This time last week I was in Bangkok, Thailand. I’d just spent a week hanging out with some awesome TCKs from Thailand, Vietnam and Cambodia. It was great! I’ll probably share some stories later about that, but for now I wanted to share some thoughts from the very end of my trip.
I had two days in Bangkok after the conference I was helping at – time to decompress before heading back to the insanity of my wonderful life in Beijing. On my last night I took a taxi to a nearby train station where I took a train to the airport.
While we were stopped at traffic lights the driver rolled down his window to buy a small flower garland from a woman selling them on the street. He handed over some money, rolled up his window, and holding the small string of blossoms in his hands, made a gesture of worship. Then he placed the flowers on his dashboard (near the dried out strings of previous purchases) and went continued driving.
My first thought: why can’t we worship YOU like that, God? The flowers smell nice, and it’s a simple way to include worship in everyday life (we’d been talking during conference about connecting with God throughout the day), and I started thinking about ways I could imitate it…
Before I got too excited, I sensed God tap me on the shoulder, and remind me of something: the system of worship set up in ancient Israel had lots of rituals and daily reminders. For most people it became something done by rote, rather than a heart act of worship. In fact, throughout Scripture we are told that God wants our hearts, not just offerings.
Sacrifice and offering you did not desire, but my ears you have pierced;
burnt offerings and sin offerings you did not require.
Then I said, “Here I am, I have come— it is written about me in the scroll.
I desire to do your will, O my God; your law is within my heart.”

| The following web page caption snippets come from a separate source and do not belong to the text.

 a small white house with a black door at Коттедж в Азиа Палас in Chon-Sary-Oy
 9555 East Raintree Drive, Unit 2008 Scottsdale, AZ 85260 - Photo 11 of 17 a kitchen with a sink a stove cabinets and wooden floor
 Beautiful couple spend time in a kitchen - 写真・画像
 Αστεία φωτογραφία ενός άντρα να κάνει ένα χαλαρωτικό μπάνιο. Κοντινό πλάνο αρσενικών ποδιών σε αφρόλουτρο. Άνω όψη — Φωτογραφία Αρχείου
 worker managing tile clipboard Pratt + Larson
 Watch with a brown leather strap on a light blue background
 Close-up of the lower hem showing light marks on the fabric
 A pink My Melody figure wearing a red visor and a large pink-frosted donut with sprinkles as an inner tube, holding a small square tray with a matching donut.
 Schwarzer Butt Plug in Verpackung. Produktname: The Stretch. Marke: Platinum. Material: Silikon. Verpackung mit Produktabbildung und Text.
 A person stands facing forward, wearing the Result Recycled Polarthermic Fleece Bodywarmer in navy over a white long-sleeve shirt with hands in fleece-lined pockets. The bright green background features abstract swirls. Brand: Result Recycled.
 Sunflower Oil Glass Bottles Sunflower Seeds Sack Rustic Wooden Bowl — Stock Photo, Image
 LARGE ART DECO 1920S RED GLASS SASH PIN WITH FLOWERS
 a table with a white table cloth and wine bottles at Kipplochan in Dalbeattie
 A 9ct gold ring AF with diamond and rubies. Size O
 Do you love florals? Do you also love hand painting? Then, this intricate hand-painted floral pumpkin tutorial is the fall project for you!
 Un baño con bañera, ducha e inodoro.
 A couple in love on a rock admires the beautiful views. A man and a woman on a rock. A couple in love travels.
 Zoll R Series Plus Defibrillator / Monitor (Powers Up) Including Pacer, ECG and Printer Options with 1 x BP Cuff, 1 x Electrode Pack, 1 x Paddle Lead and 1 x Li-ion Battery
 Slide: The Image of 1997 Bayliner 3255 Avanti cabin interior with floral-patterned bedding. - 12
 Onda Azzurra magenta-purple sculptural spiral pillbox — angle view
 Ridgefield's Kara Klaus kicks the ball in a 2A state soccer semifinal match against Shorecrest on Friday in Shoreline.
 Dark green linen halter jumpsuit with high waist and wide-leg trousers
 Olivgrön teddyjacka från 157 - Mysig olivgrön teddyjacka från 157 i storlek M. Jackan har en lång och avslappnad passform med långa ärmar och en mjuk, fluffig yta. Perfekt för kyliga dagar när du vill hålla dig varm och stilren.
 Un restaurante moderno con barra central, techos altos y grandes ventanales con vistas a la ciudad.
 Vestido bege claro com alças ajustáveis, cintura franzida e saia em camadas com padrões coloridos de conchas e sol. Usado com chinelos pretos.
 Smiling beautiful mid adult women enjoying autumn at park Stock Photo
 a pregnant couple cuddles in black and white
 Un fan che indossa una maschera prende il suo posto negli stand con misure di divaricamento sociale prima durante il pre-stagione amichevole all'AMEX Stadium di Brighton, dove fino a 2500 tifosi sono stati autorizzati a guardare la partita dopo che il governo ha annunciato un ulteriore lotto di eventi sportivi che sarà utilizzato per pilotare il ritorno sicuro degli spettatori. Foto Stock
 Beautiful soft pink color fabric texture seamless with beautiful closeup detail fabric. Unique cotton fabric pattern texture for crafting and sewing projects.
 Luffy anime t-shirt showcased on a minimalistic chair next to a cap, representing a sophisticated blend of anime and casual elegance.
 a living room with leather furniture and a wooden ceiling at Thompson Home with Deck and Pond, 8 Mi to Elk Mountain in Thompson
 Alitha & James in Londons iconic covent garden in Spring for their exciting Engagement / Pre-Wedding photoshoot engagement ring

O Lord, open my lips, and my mouth will declare your praise.
You do not delight in sacrifice, or I would bring it;
you do not take pleasure in burnt offerings.
The sacrifices of God are a broken spirit;
a broken and contrite heart, O God, you will not despise.
For I desire mercy, not sacrifice, and acknowledgment of God rather than burnt offerings.
One of the teachers of the law came and heard them debating. Noticing that Jesus had given them a good answer, he asked him, “Of all the commandments, which is the most important?” “The most important one,” answered Jesus, “is this: ‘Hear, O Israel, the Lord our God, the Lord is one. Love the Lord your God with all your heart and with all your soul and with all your mind and with all your strength.’ The second is this: ‘Love your neighbor as yourself.’ There is no commandment greater than these.” “Well said, teacher,” the man replied. “You are right in saying that God is one and there is no other but him. To love him with all your heart, with all your understanding and with all your strength, and to love your neighbor as yourself is more important than all burnt offerings and sacrifices.” When Jesus saw that he had answered wisely, he said to him, “You are not far from the kingdom of God.”
But those sacrifices are an annual reminder of sins, because it is impossible for the blood of bulls and goats to take away sins. Therefore, when Christ came into the world, he said: “Sacrifice and offering you did not desire, but a body you prepared for me; with burnt offerings and sin offerings you were not pleased. Then I said, ‘Here I am—it is written about me in the scroll— I have come to do your will, O God.’ ” First he said, “Sacrifices and offerings, burnt offerings and sin offerings you did not desire, nor were you pleased with them” (although the law required them to be made). Then he said, “Here I am, I have come to do your will.” He sets aside the first to establish the second.
I began to realise I liked the idea of “simple” acts of worship, like buying flowers, because they were, well, simple. Buy the flowers and you’re done. Much easier to buy flowers than to surrender my will to God. Much easier to burn incense than to submit to His will.
I think that small, everyday gestures can be part of a vibrant faith. These little acts, however, are not a relationship in themselves. They might show honour, but they don’t involve surrender.
I am thankful for a God who has done away with a system of works that can never make me righteous. I am thankful for a relationship, rather than a religion. And while relationship can be messy, I am thankful for that depth of love and mercy and acceptance, rather than a system of offerings.